You should use Amazon Redshift RSQL to outline exception dealing with blocks in your in ETL script to deal with varied user-defined and system-generated error situations that you just would possibly encounter whereas operating the ETL course of.

The next are among the error dealing with choices supported in Amazon Redshift RSQL:

  • :ACTIVITYCOUNT – This variable is much like the psql variable ROW_COUNT, which returns the variety of rows affected by final SQL assertion. Nevertheless, ACTIVITYCOUNT stories the affected row rely for SELECT, COPY, and UNLOAD statements, which ROW_COUNT doesn’t. For SQL statements returning knowledge, ACTIVITYCOUNT specifies the variety of rows returned to Amazon Redshift RSQL from the database.
  • :ERRORCODE – This variable accommodates the return code for the final submitted SQL assertion to the database. Error code 0 specifies that SQL assertion accomplished with none errors.
  • :ERRORLEVEL – This variable is used to assign severity ranges to errors. You should use these severity ranges to find out a plan of action. The default worth is ON.
  • :MAXERROR – This variable designates a most error severity stage past which Amazon Redshift RSQL halts job processing. If SQL statements in Amazon Redshift RSQL scripts produce an error severity stage higher than the designated maxerror worth, Amazon Redshift RSQL instantly exits.
  • :LAST_ERROR_MESSAGE – This variable accommodates the error message of the latest failed question.

We use the next syntax:

if :ERROR <> 0 
  echo :<ERRORCODE>
  echo :<LAST_ERROR_MESSAGE>
  goto <codeblock1>
else
  goto Y
endif

The syntax contains the next info:

  • <ERRORCODE> –The error code quantity
  • <LAST_ERROR_MESSAGE> – The error message of the latest failed question
  • <code_block1> – The code block to run when the error situation is met
  • <code_block2> – The code block to run when the error situation isn’t met

Within the following instance script, we create the orders_staging desk and replica data into the desk from an Amazon S3 location. The script additionally accommodates an exception dealing with part for each the desk creation and replica course of to deal with the attainable errors encountered through the course of.

echo `date`
echo 'Job began'
DROP TABLE IF EXISTS orders_staging;

create desk orders_staging (
O_ORDERKEY bigint NOT NULL,
O_CUSTKEY bigint,
O_ORDERSTATUS varchar(1),
O_TOTALPRICE decimal(18,4),
O_ORDERDATE Date,
O_ORDERPRIORITY varchar(15),
O_CLERK varchar(15),
O_SHIPPRIORITY Integer,
O_COMMENT varchar(79))
distkey (O_ORDERKEY)
sortkey (O_ORDERDATE);

if :ERROR <> 0 
  echo :ERRORCODE
  comment :LAST_ERROR_MESSAGE
  goto QUIT_JOB
else
  comment '***Orders_Staging Desk Created Efficiently****'
  goto COPY_DATA
endif

label COPY_DATA
 copy orders_staging from 's3://redshift-immersionday-  labs/knowledge/orders/orders.tbl.'
 iam_role default
 area 'us-west-2' lzop delimiter '|' COMPUPDATE PRESET;

if :ERROR <> 0
  echo :ERRORCODE
  comment :LAST_ERROR_MESSAGE
  goto QUIT_JOB
else 
  comment '****Knowledge Copied Efficiently****'
endif

echo `date`
echo 'Job Ended'
exit 0 

label QUIT_JOB
 echo `date`
 echo 'Job Failed'
 exit 1 

Knowledge transformation and preparation

You possibly can carry out some frequent knowledge preparation and transformation operations in your dataset utilizing SQL statements within the Amazon Redshift RSQL ETL script. On this part, we show knowledge transformation and preparation operations resembling casting, new knowledge column creation, and splitting an enter column into a number of columns.

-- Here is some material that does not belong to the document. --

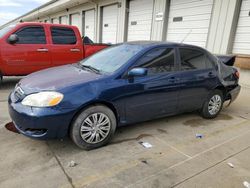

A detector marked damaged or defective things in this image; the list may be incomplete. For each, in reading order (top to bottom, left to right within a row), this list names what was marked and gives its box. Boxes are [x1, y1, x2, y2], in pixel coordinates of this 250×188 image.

crack in pavement [45, 141, 75, 188]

We use business normal SQL statements for remodeling and making ready knowledge for downstream consumption.

Within the following instance script, we use a SQL assertion to remodel the information from the orders_staging desk and insert it into the orders_summary desk:

echo `date`
echo 'Job began'

insert into orders_summary 
(o_orderkey,
o_custkey,
o_orderstatus,
o_totalprice,
target_information,
rank,
description)
choose
o_orderkey,
o_custkey,
o_orderstatus,
o_totalprice::int,
case 
when o_totalprice < 200000
then 'Goal Missed'
when o_totalprice = 200000
then 'Goal Met'
when o_totalprice > 200000
then 'Goal Exceeds'
finish as "Target_Information",
split_part (o_orderpriority,'-',1) as RANK, 
split_part (o_orderpriority,'-',2) as DESCRIPTION
from orders_staging; 

if :ERROR <> 0 or :ACTIVITYCOUNT=0
 echo :ERRORCODE
 comment :LAST_ERROR_MESSAGE
 goto QUIT_JOB
else
 comment 'Knowledge Inserted into Abstract Orders Desk'
endif

echo `date`
echo 'Job Ended'
exit 0 

label QUIT_JOB
 echo `date`
 echo 'Job Failed'
 exit 1 

Export knowledge from an Amazon Redshift cluster and output file formatting choices

You should use Amazon Redshift RSQL to extract knowledge from one or a number of Amazon Redshift tables and write to your disk for consumption by downstream purposes. Amazon Redshift RSQL makes use of the EXPORT choice to export the results of question to an output file.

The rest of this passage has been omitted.